Officials in the school say they don’t know the details of the project, because their correspondence has always been to the Zonal Director for Education overseeing the area, added Tasiu.
Both Kaduna State Universal Basic Education Board (KADSUBEB) and State Ministry of Education (SMoE) could not find the contract document.
Increasing citizen’s participation in governance
Kaduna State is one of the states that have subscribed to the global accountability platform called Open Government Partnership (OGP).
The OGP requires that the government is transparent and accountable to the citizens while utilising public funds, but procurement monitors lament that public information is still difficult to access in the state’s ministries, departments, and agencies like the case of the project at JSS Kenyi.
Saied Tafida, the team lead for the procurement monitors in Kaduna, says open contracting has fostered community stakeholders’ engagement with the government authorities in the awarding of contracts that meet the needs of the locals.
Tafida coordinates about 40 monitors and says his teams – about five of them – have gone around the state seeing projects including those in the education sector, judiciary, health, and works. They have also been engaging relevant government agencies on peculiar issues on those projects.
“Our teams have had to conduct a series of community engagements and town hall meetings, bringing all stakeholders together, majorly on abandoned projects,” he said, adding, “and this has yielded a lot of positive results.”
The government is expected to get value for the money spent on awarded projects, while citizens also must derive maximum benefits from these projects. The team lead says the involvement of professionals such as quantity surveyors in the monitoring of the projects added fervour to the exercise.
“Even where some projects were completed, the professionals were able to determine whether the work done meets up with a quality standard or not,” he said.
He says professionals have recommended an improved procurement process to weed out incompetent contractors.
“Certified professionals should be engaged early in the project life cycle, cost control should be properly enforced to avoid the poor quality of labour and materials while adequate project supervision is recommended to overcome time overrun,” he quoted professionals as recommended in one of their reports.

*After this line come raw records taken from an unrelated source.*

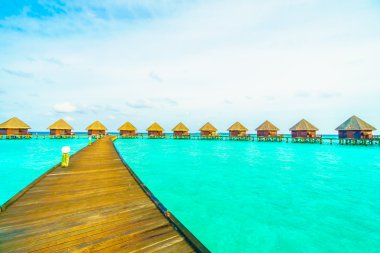 Güzel tropikal Maldivler ada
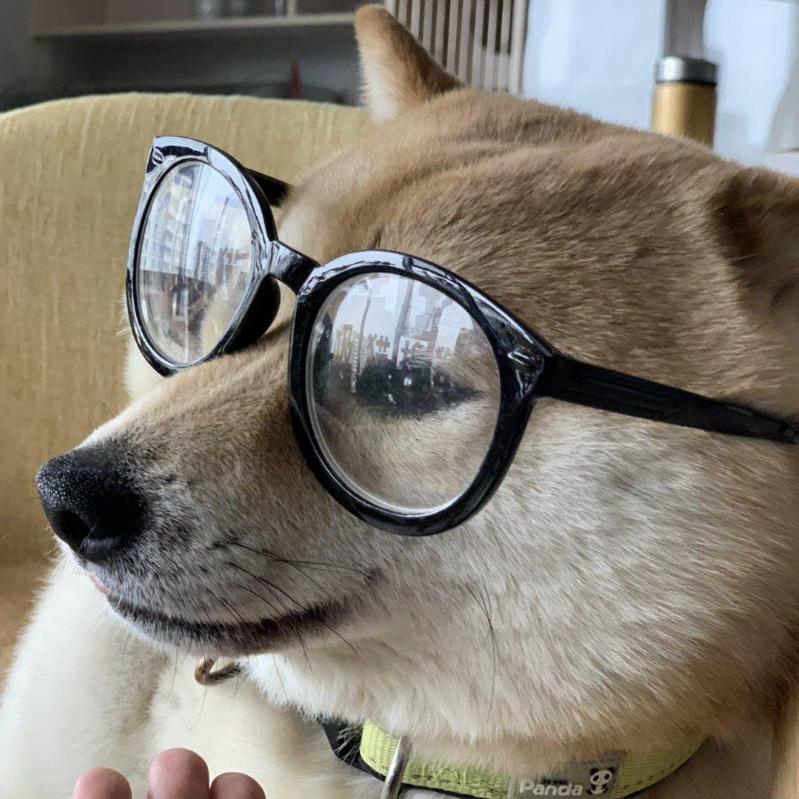 紫衣狼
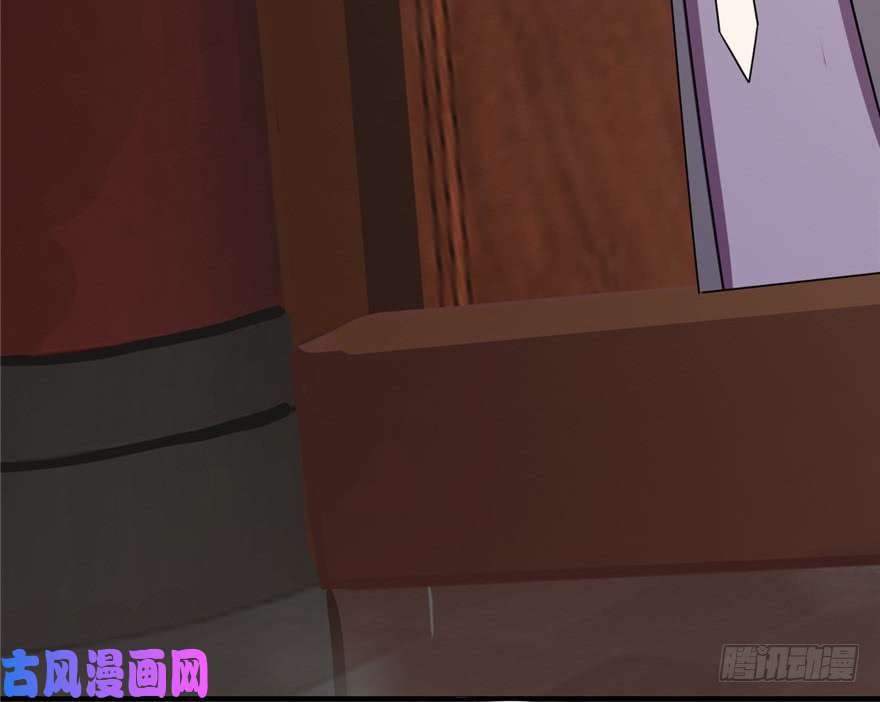 毒步天下：特工神医小兽妃20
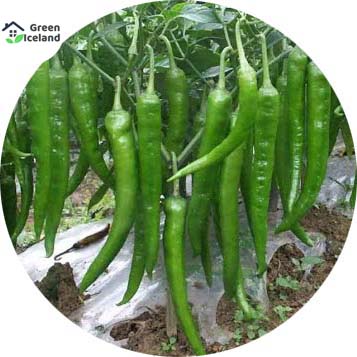 Picture of Deshi Long Spicy Green Chili Seeds  - 30 Pcs 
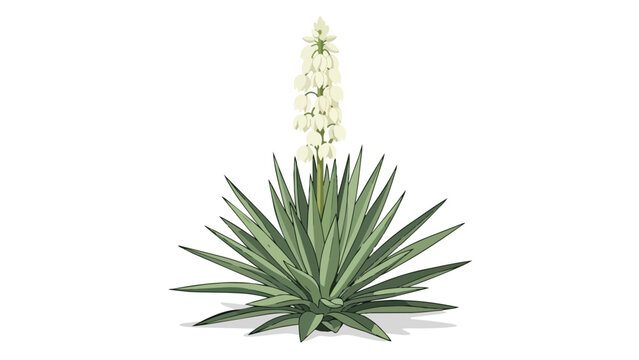 Vivid illustration of a yucca plant showcasing white bell-shaped flowers. This detailed botanical artwork features sharp green leaves and an elegant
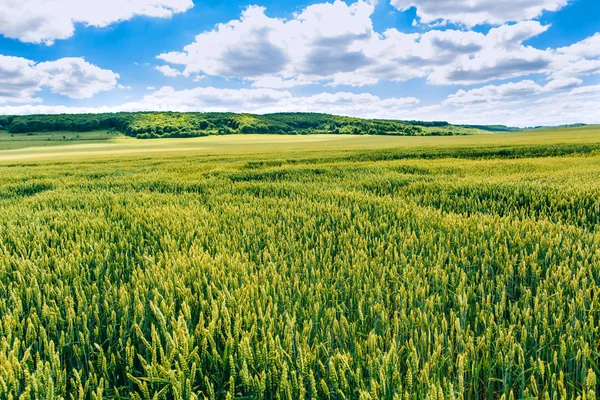 Campo di grano. campo verde con spighe di grano in estate — Foto Stock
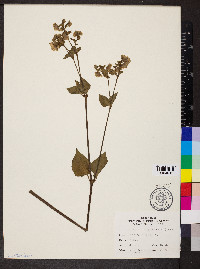 Mirabilis nyctaginea image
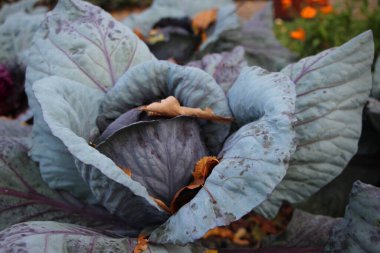 Kırmızı lahana ve sarı akçaağaç yapraklarının yakın çekimi sonbaharda günbatımında şehir parkında süslü bir çiçek tarhında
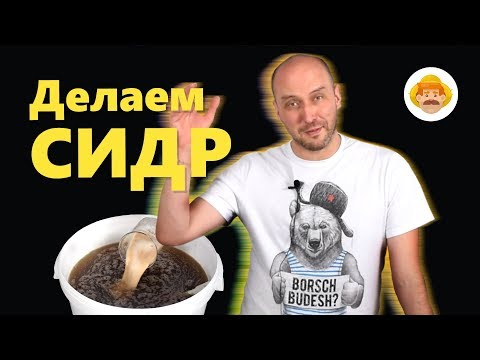 Видео: Как сделать сидр? Домашний сидр из яблочного сока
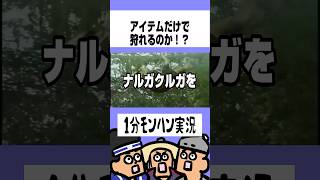 【MHP2G】アイテムだけでナルガクルガは狩れるのか！？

One of such completed but poorly done projects uncovered by the monitors is the building of a block of four classrooms at the Government Junior Secondary School (GJSS), Television, Chikun Local Government Area of Kaduna.
Available information on the website of the Kaduna State Public Procurement Agency (KADPPA) detailed that the construction of a block of four classrooms at GJSS Television, Chikun (SUBEB 2017) was budgeted and contracted to M/S Salma Global Ventures for N11.724 million, says Sola Ojo, a journalist and procurement monitor.

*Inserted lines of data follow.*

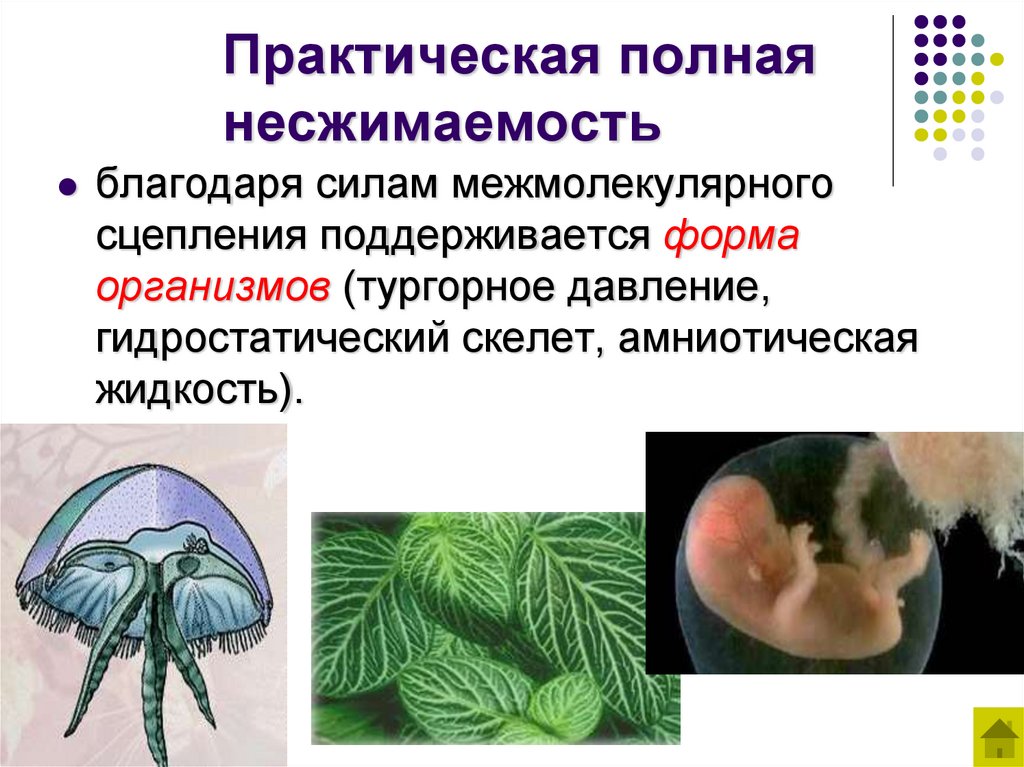 Практическая полная несжимаемость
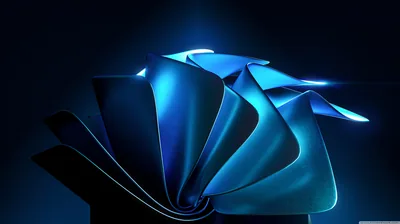 Glossy blue petals fan open from a knot at the bottom left, lit from behind so their thin edges glow against a dark teal wall.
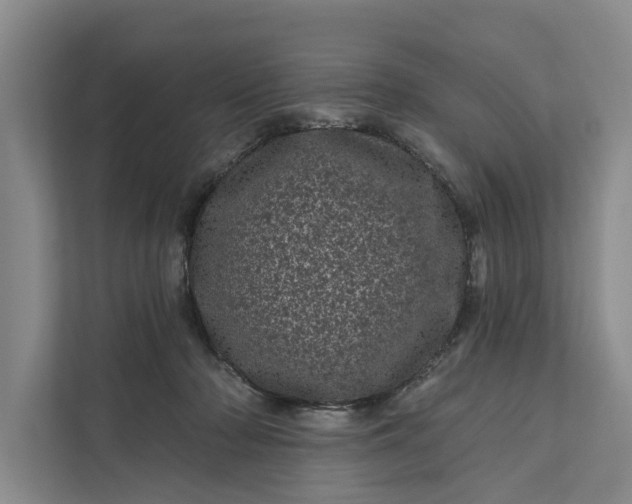 X0000111870318200908061259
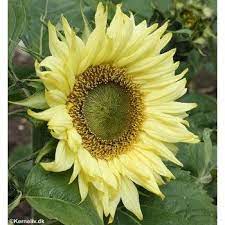 Helianthus Annuus Pacino Lemon Sunflower Sunflower Sunflower Pictures Wonderful Flowers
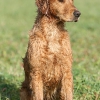 klein_img_0079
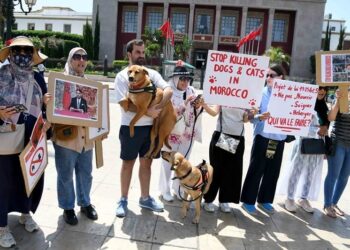 جدل مستمر بالمغرب حول “إبادة” الكلاب والقطط الضالة وجمعيات تناشد الملك للتدخل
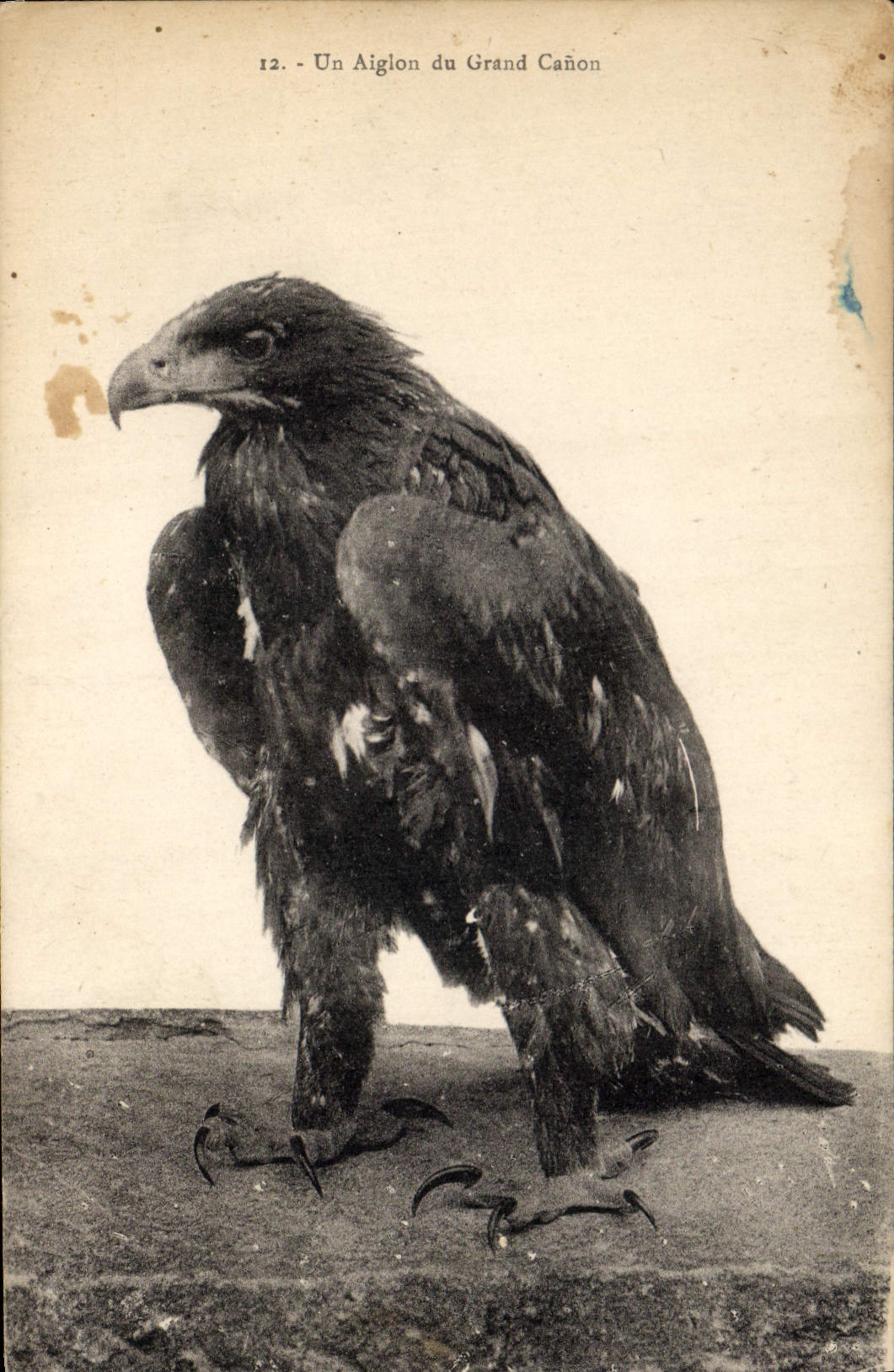 CPA Un aiglon du Grand Canon Rapace 
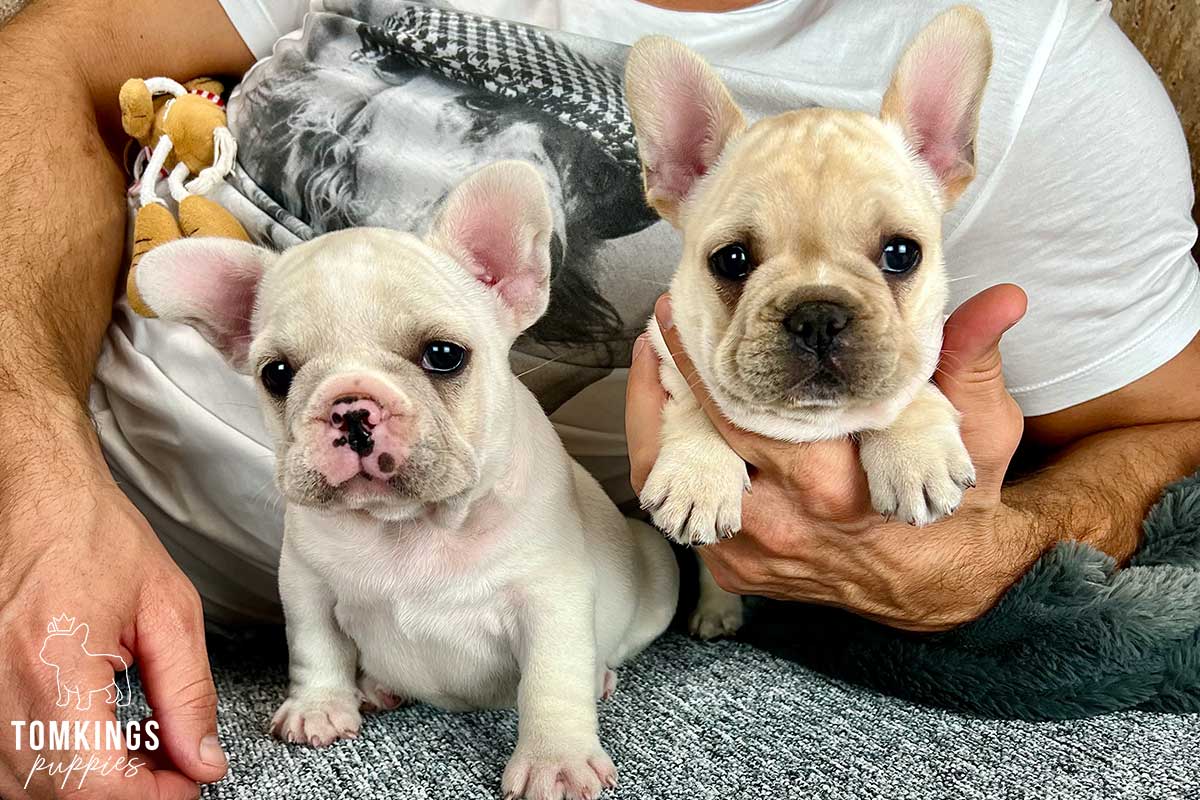 Adorable Bulldogs for Sale in Texas: Ready for a Loving Home!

There are arguments that the project was not the priority of the school as the teachers − 40 in number − and the 143 students needed more furniture. The quality of the work done was below the quality standard, Ojo reports, and the contract was awarded without prior needs assessment of the school.
“There was no time anyone came to the school on fact-finding or need assessment. They only came and told us they would be building a block of four classrooms. They did not give us any document nor did they erect any signpost at the project site for us to know what the project was all about,” an official of the school was quoted as saying.

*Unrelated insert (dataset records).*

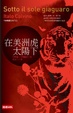 Cover of 在美洲虎太陽下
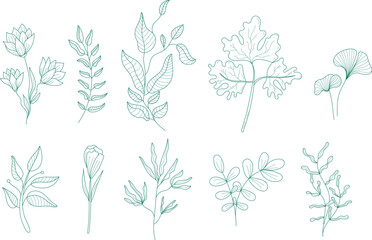 Minimalist botanical line art set with hand drawn leaves, flowers and branches. Elegant floral doodles in modern outline style, perfect for logos, branding, invitations, packaging, posters and wall ar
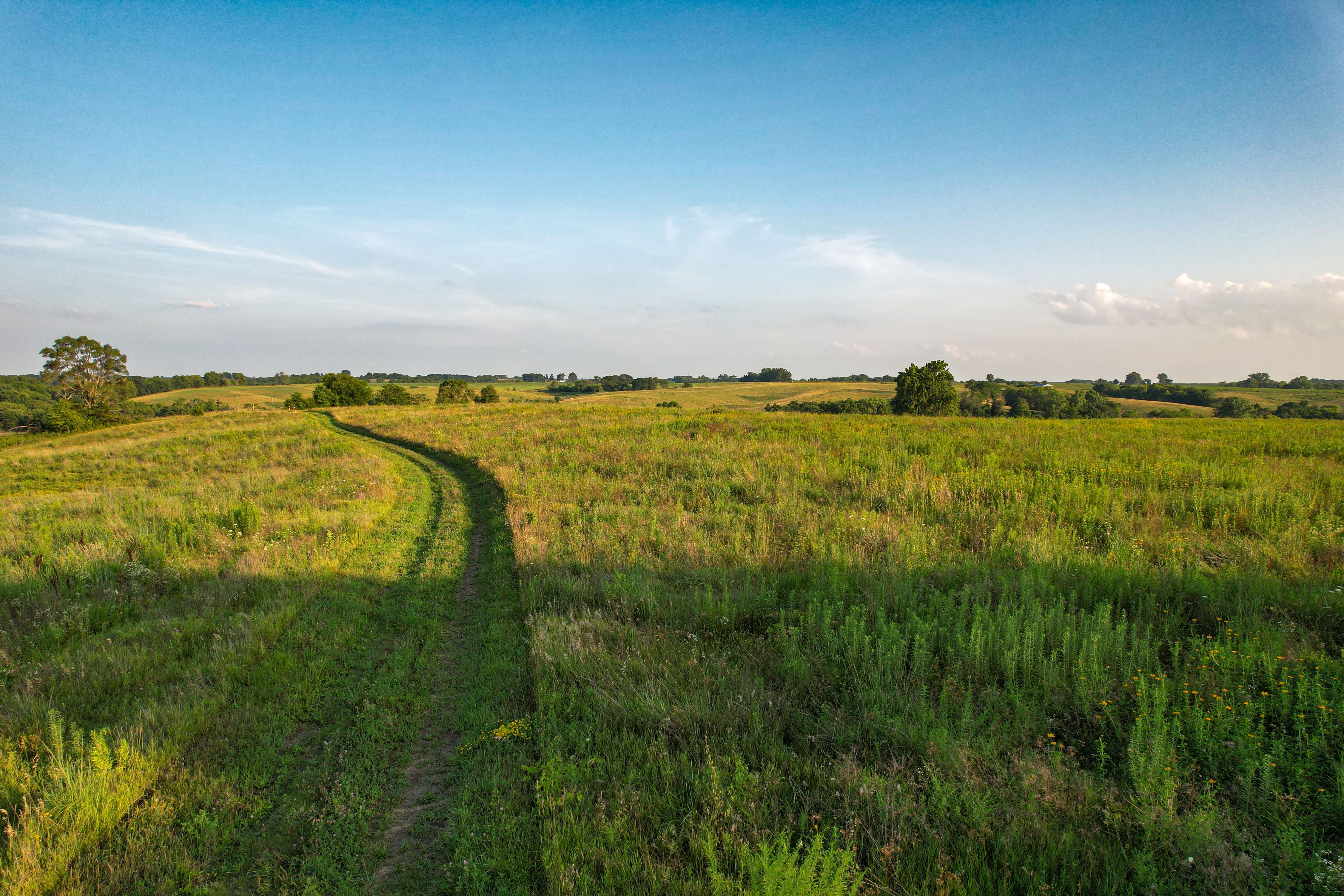 Listing Photo: DJI_0589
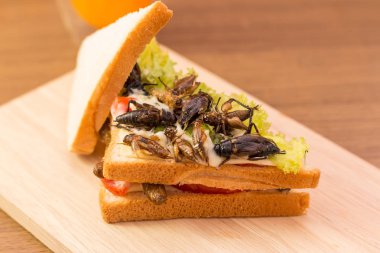 Kızarmış böcek et ve mozzarella peynir sandviç yaptım,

“You can see the sagging roof due to inferior wood. The terrazzo was poorly finished, the doors are bad and there was generally poor supervision on the part of the implementing agency.”
According to the monitor, all the newly built four classrooms started leaking, while some windows and doors were off the frames shortly after the project was delivered and a certificate of completion was issued by the implementing ministry or agency.